= Data to examine =
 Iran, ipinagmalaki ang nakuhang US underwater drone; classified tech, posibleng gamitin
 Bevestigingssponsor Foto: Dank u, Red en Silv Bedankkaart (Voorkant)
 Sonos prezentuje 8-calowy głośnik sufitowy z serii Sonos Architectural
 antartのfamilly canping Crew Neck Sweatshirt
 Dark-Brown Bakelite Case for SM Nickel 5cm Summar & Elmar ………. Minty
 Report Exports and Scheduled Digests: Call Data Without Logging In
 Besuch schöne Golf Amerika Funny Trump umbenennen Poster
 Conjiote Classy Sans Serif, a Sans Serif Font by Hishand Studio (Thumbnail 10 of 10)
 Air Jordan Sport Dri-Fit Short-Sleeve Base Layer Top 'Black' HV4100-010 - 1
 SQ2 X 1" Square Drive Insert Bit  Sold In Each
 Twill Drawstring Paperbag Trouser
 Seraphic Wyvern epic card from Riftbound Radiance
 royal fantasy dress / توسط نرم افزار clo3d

= Exercise =
Repeat all of the data exactly.

= Answer for the task =
 Iran, ipinagmalaki ang nakuhang US underwater drone; classified tech, posibleng gamitin
 Bevestigingssponsor Foto: Dank u, Red en Silv Bedankkaart (Voorkant)
 Sonos prezentuje 8-calowy głośnik sufitowy z serii Sonos Architectural
 antartのfamilly canping Crew Neck Sweatshirt
 Dark-Brown Bakelite Case for SM Nickel 5cm Summar & Elmar ………. Minty
 Report Exports and Scheduled Digests: Call Data Without Logging In
 Besuch schöne Golf Amerika Funny Trump umbenennen Poster
 Conjiote Classy Sans Serif, a Sans Serif Font by Hishand Studio (Thumbnail 10 of 10)
 Air Jordan Sport Dri-Fit Short-Sleeve Base Layer Top 'Black' HV4100-010 - 1
 SQ2 X 1" Square Drive Insert Bit  Sold In Each
 Twill Drawstring Paperbag Trouser
 Seraphic Wyvern epic card from Riftbound Radiance
 royal fantasy dress / توسط نرم افزار clo3d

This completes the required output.